Just prior to the 2019 NFL Draft, the myth and legend of Kahale Warring began to rise from the collective football psyche, with tales of nigh super-human agility, football instincts rarely seen, and a freakish ability to out-body anyone trying to go against him at the point of attack.

The 6’5.5” San Diego State product landed on the Houston Texans in the third round of the 2019 Draft, going off the board 86th overall. Unfortunately, before fans could see the fire behind all the smoke, Houston saw fit to put him on IR a year ago yesterday with little to no fanfare. Would the legend of Warring die before it was truly born? Stay tuned!

Enter Darren Fells.

Apparently, if you want to be a productive tight end on an NFL squad, you can either go to a college that puts players in the NFL Draft or you can travel the world and play basketball. The latter is exactly what Darren Fells did between 2008 and 2012, balling out professionally in the Belgian Basketball League among other things. In 2013, Fells returned to the U.S., signed with the Seattle Seahawks, and was cast aside five short months later. Fells then caught on with the Arizona Cardinals from 2014 to 2016 before kicking over to the Detroit Lions and Cleveland Browns for a year each.

Then life for Fells changed in a big way. He signed a one-year deal with the Deshaun Watson led Houston Texans on March 18, 2019, almost six years to the day he entered the league.

Last season saw Fells catch 34 passes on 48 targets, gain 341 yards, pick up 22 first downs, and score 7 touchdowns. These were all career single season high marks. It would seem Fells and Watson have a chemistry that clicked quickly.

Deshaun Watson’s 2020 Weapons: Tight Ends

When it comes to predicting the Houston Texans’ 53-man roster, it’s almost a given that Fells and Akins will make the squad. Assuming the Texans don’t have the room to keep four tight ends, that leaves either Thomas or Warring as the odd man out.
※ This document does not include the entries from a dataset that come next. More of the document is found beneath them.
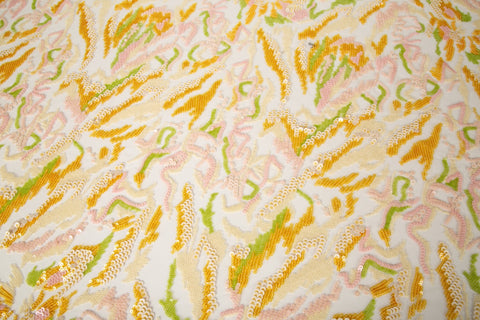  An abstract sequin embroidery fabric with a wavy pattern in yellow, pink, and green.
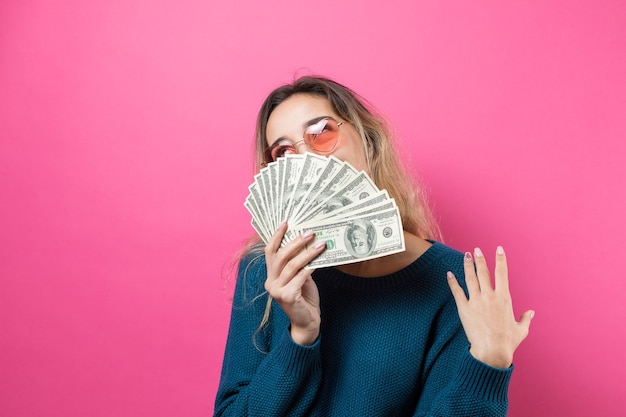 Foto primer plano de una joven mujer hermosa en un suéter azul en vasos con dinero de dólares americanos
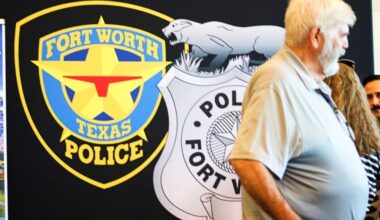 Man in front Fort Worth Police Department sign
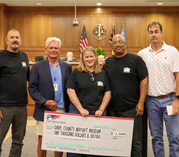 Garage Band Charities presents a check for $1,000 to the Dare County Airport Museum.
Thomas grabbed the brass ring on the first day of 2020 training camp, garnering praise from his quarterback in the post-practice pressers:

Deshaun Watson (on Jordan Thomas)

He adds everything. He can play outside, inside, blocking, short, intermediate routes, long. He has the size and the speed. He’s 6-6 and 255 pounds that can run a 4.5 or 4.6. He’s a guy that’s very talented and has so much potential. He’s been working, you can tell. He came back ready and prepared for this camp. He’s ready to go. Whenever he gets his opportunity, I’m definitely going to give him a shot. He’s been capitalizing on those.

It would seem Warring got a slightly later start than Thomas, but it’s hard to deny the collective will of the other players, coaches, and fans to see Warring succeed.
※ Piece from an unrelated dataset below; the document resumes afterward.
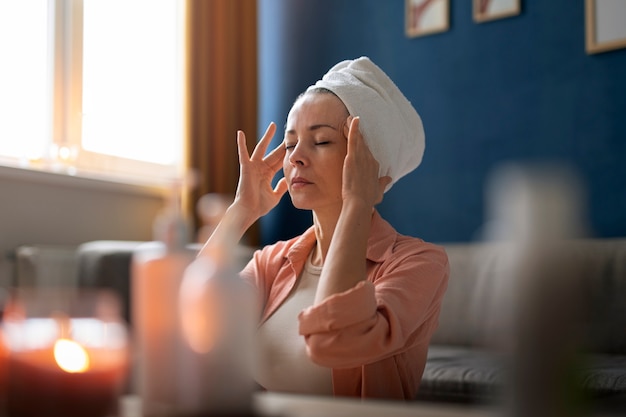 Kostenloses Foto mittlere schussfrau, die gesichtsyoga praktiziert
Bill O’Brien, on Warring (8.30.2020):

He’s improved. He’s in a battle, though. He’s a great guy. He works really hard. He’s still a young player. He’s got a lot of talent. He had a good practice last week, I think. He’s working really hard to get better and he’s right in the mix.

We’re working hard with him and we want him to succeed.

That’s a competitive position. You’ve got guys there that have played a lot of football in Fells and Akins, and then Jordan Thomas and Kahale are coming off of injury last year... it’s a competitive position.

It’s hard to imagine a world where a third round draft pick clears waivers and makes it to the practice squad, so if Houston has to cut Warring, odds are another team will snatch him up with the belief that they can succeed with him where the Texans failed. Thomas would also likely find another team quickly if the Texans cut him.

Decisions, decisions.

If we’d had a full preseason to watch and grade these players, it might be a slam dunk as to which one would get the coveted third tight end spot. Without those exhibition games, all we can do is wait and wonder.

The deadline to have rosters down to 53 men is this Saturday, September 5th at 3 p.m. CDT. We’re only one week away from the Texans’ season kicking off against the Kansas City Chiefs on Thursday Night Football, so the Turk will be making his rounds for sure.

Who do you think makes the list of Deshaun Watson’s 2020 tight end weapons?